Desde el comienzo su final estaba anunciado: era una figura de transición. Fue elegido por su edad (78), su discreción, su perfil opaco de prefecto de la Congregación de la Doctrina de la Fe. Lo ungieron para dar tiempo a la resolución de pujas internas, en opinión de expertos como Marco Tosatti, de La Stampa.
Joseph Ratzinger debía suceder a Karol Wojtyla, un hombre rutilante, carismático y con aura de santidad que fue elegido a los 58 años. Benedicto XVI era la contrafigura de Juan Pablo II.
Pero, a pesar de la edad Ratzinger prolongó demasiado su permanencia en el cargo -el 16 de abril cumplirá 86 años- y ocurrió su renuncia, la única otra manera de remover un Papa.
La iglesia Católica Apostólica Romana atraviesa uno de los muchos momentos terribles de su tormentosa existencia. Acosada por el escándalo, tanto por los papeles que un mayordomo infiel entregó a la prensa italiana revelando corrupción en el Vaticano, insidias de poder, maniobras financieras, como por las denuncias de perversión sexual de sus sacerdotes, la Iglesia necesitaba un fuerte purga para lavar su interior y encarar un nuevo proceso. Para decirlo con suavidad, la Iglesia Católica necesita cambios para recuperar su credibilidad y, quizás, aproximar sus tiempos a los tiempos del mundo.
Desde luego, lo anterior -el cambio- no podía encararse con una imagen desgastada como la del alemán Benedicto XVI.
Ahora que el terreno está despejado, los guardianes de la fe van a dirimir un viejo dilema, postergado en 2005 y a decidir de entre sus afiladas espadas la más adecuada al actual balance de poder interno. No necesariamente la que los tiempos requieren.
Aceptado que se necesita un cambio no hay tanta seguridad en el signo que las mudanzas requieren. Hay quienes piensan que el poder de la Iglesia viene de su tozudez, de su sujeción a dogmas inmutables, de su firmeza para no cambiar ni adaptarse y, consecuentemente, confían en un conservador que ejerza de tal.

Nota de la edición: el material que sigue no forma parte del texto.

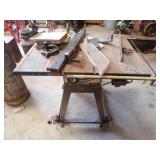 Craftsman 10' table saw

Porque Benedicto lo era pero prevaleció su chatura por sobre su presunta firmeza dogmática.
Los que quieren cambios tampoco los quieren para aceptar el aborto, la homosexualidad o la inclusión de mujeres en el rito (mucho menos en la jerarquía) pero sí estarían dispuestos a abrir una discusión sobre el celibato. La posibilidad de que los sacerdotes puedan contraer matrimonio tranquilizaría a los fieles en cuanto a la pedofilia (se dice que vestir sotana apaciguó a los hombres celosos de la fe de sus mujeres). No sería un cambio sustancial pero es posible, se trata sólo de modificar una decisión de otro Papa, Calixto II, en el Concilio de Letrán, en 1123. Allí se promulgó el celibato como requisito para todo el clero del rito romano. Pero, ha declarado Juan Pablo II en 1993: “El celibato no es esencial para el sacerdocio; no es una ley promulgada por Jesucristo.”
La renuncia del Papa Benedicto no es la primera ni la más grave: recordemos la última, que fue la de Gregorio XII en1415, para solucionar el llamado Cisma de Occidente (había tres Papas y resolvió el Emperador Segismundo en el Concilio de Constanza).
Ahora esta dimisión -o remoción, según se interprete- despeja el camino para que el Vaticano imprima un nuevo rumbo a la Iglesia. Ha pasado un tiempo prudencial para que la relación entre los escándalos que signaron el período iniciado en 2005 y la renuncia hoy, 11 de febrero 2013, no se relacionen automáticamente. Es el momento para el cambio. Pero cuál será su signo es impredecible.